HCV was first identified in 1989 and interferon-alfa/ribavirin combination therapy emerged in 1998. The year 2003 saw the first proof-of-concept clinical trials of HCV protease inhibitors, and boceprevir and telaprevir were approved in 2011.
While the time from identification of the virus to the first effective targeted therapies was about twice as long for HCV (1989-2011) as for HIV (1983-1996), the evolution from first-generation drugs to well-tolerated, easy-to-take, next-generation agents is proceeding more rapidly for hepatitis C -- and a widely applicable cure will come much sooner.
HCV replication is "more ambitious" than that of HIV, producing 100- to 3000-fold more new virus particles per day, and it is more prone to errors when copying its genetic material, leading to more resistance mutations, Schooley explained. On the other hand, HCV does not integrate its genetic material into host cell genes and it remains vulnerable to the innate immune response. Potent DAAs not only interfere with viral replication, but may also disrupt HCV's defenses, tipping the balance in the "tug of war" between the virus and the immune system.

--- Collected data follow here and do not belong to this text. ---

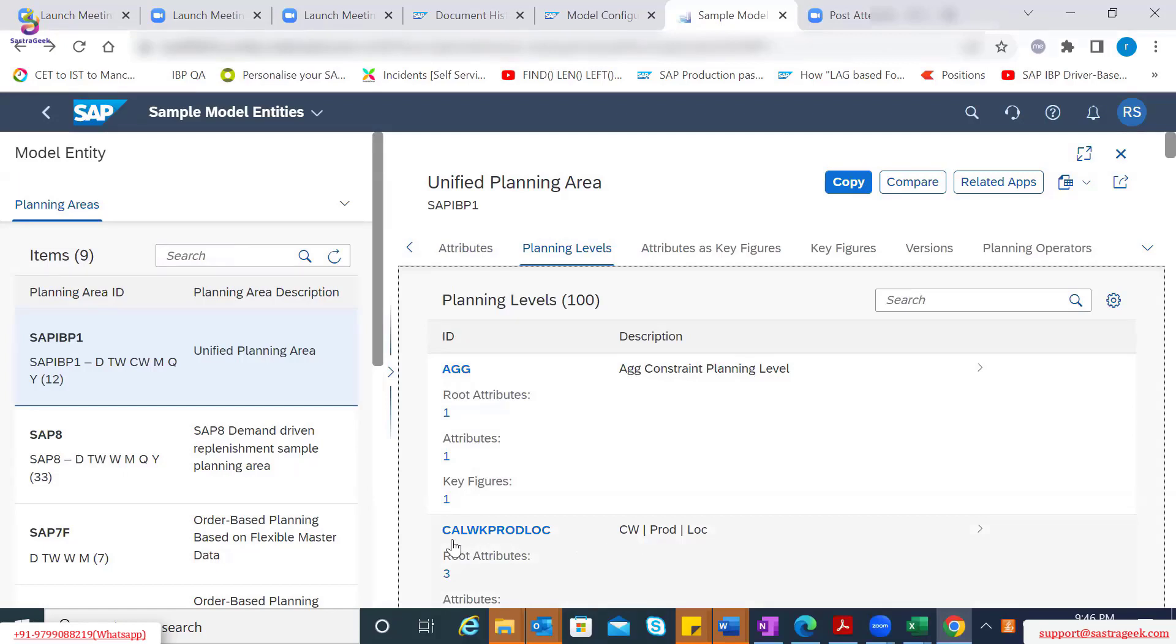I click on planning levels and then you will see different planning levels. One of the example here is calendar week, prod, loc. This is one of the planning level.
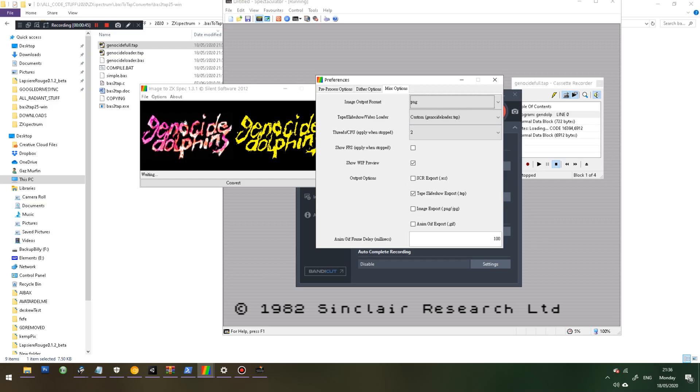And the most important thing is to tick tape, slideshow, export, so that's how you get your .tap, which would run on a real specie or on an emulator, which I'm going to show.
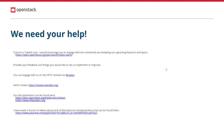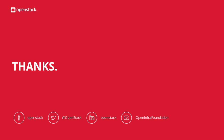Moving forward, we'd really like your help. If you're a Triple O user, I encourage you to engage with our community by reviewing our upcoming features and specifications on our specs page. You can review our changes on review.opendev.org and engage with us on the OFTC network on the #tripleo channel. Our documentation can be found in the links provided in this slide. If you want to see more about any of these features, I've made videos that cover each of them in a lot more detail, so feel free to check out my YouTube channel. Thanks for attending and listening to the update for the Triple O project.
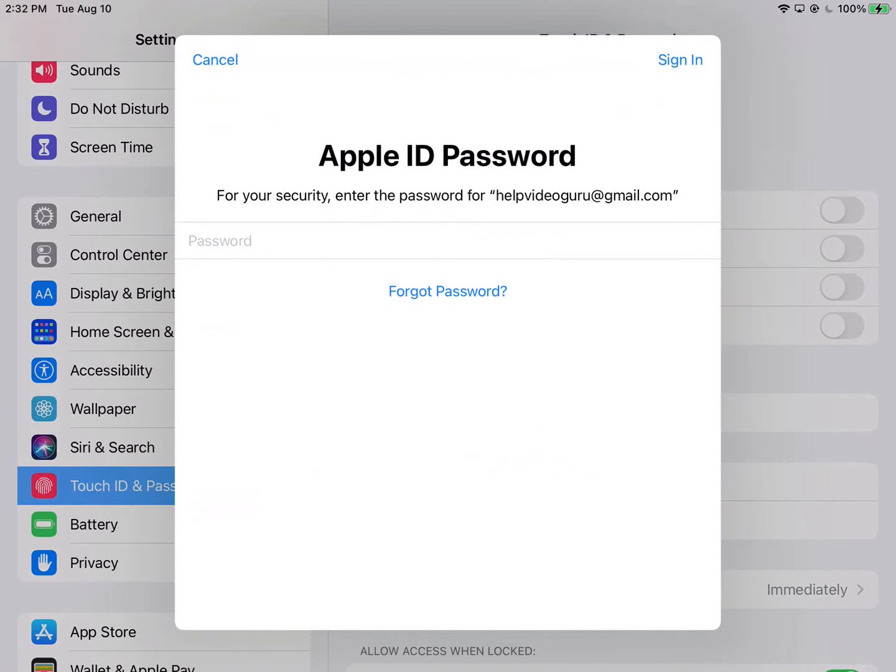So let's go ahead and put a password in there. And once you've typed in your password, press Sign In in the upper right-hand corner.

Looking back at the conventional wisdom from 2008, Schooley said that both the hepatologists' and the infectious disease specialists' predictions were wrong: Small molecule DAAs do seem to work without interferon, and they're doing a better job than antiretrovirals.
In the near future, he predicted, "We may be able to cure virtually everyone [with hepatitis C] who comes our way without regard to the status of the host or the genotype of the virus."
MS Sulkowski. Hepatitis Debrief. 64th Annual Meeting of the American Association for the Study of Liver Diseases (AASLD 2013). Washington, DC, November 1-5, 2013.
RT Schooley Leon Schiff State-of-the-Art Lecture. 64th Annual Meeting of the American Association for the Study of Liver Diseases (AASLD 2013). Washington, DC, November 1-5, 2013.